* [EXERCISE DESCRIPTION]:
Make an exact copy, without pictures, of the lines below from the one containing "Pamplona, ​​Spain, February" to the last line, both ends included.

* [DATA PROVIDED]:

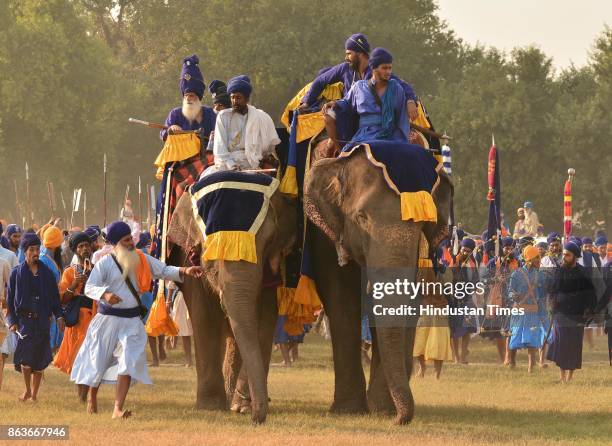 Nihang Singh performs his martial art skills on the occasion of Bandi Chhor Divas, on October 20, 2017 in Amritsar, India. Bandi Chhor Divas is a...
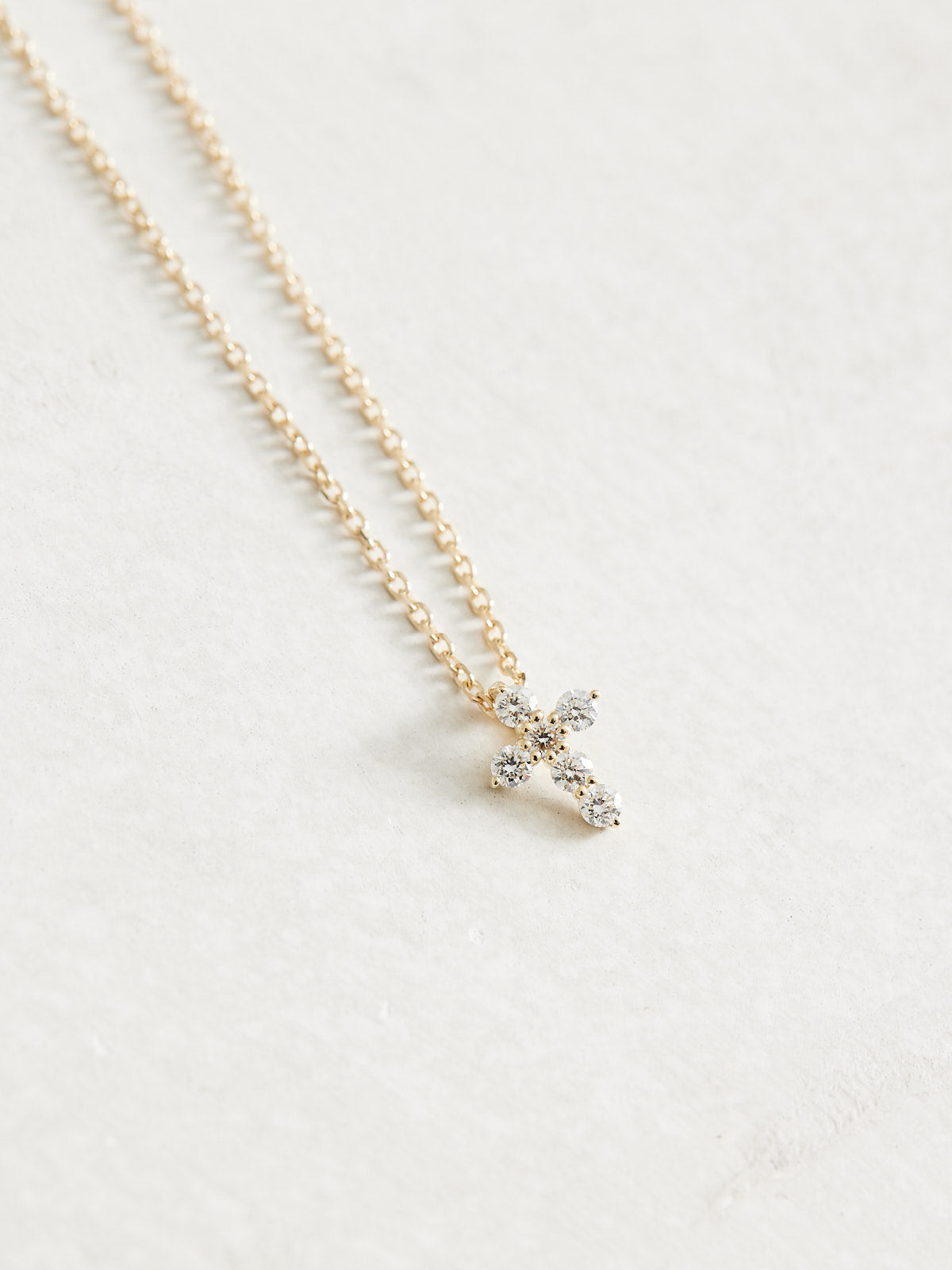 This adjustable 16-18" 14k Gold & Natural Diamonds Cross Necklace features 1/6 ct of Natural Diamonds in an 8.7 x 6.3mm size. It is available in yellow, white, and rose gold.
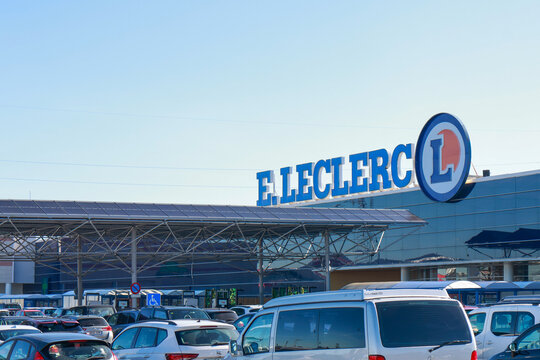 Pamplona, ​​Spain, February 23, 2026. An E.Leclerc shopping center on a sunny day. The building features modern architecture with large reflective glass panels and a circular blue and red logo 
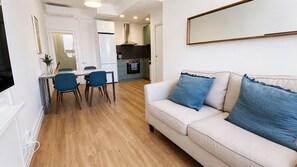 Ein Wohnzimmer mit einer Couch, zwei blauen Kissen, einem Essbereich mit Stühlen, einer Küche mit Schränken und einem an der Wand montierten Fernseher.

* [TASK RESULT]:
 Pamplona, ​​Spain, February 23, 2026. An E.Leclerc shopping center on a sunny day. The building features modern architecture with large reflective glass panels and a circular blue and red logo 
 Ein Wohnzimmer mit einer Couch, zwei blauen Kissen, einem Essbereich mit Stühlen, einer Küche mit Schränken und einem an der Wand montierten Fernseher.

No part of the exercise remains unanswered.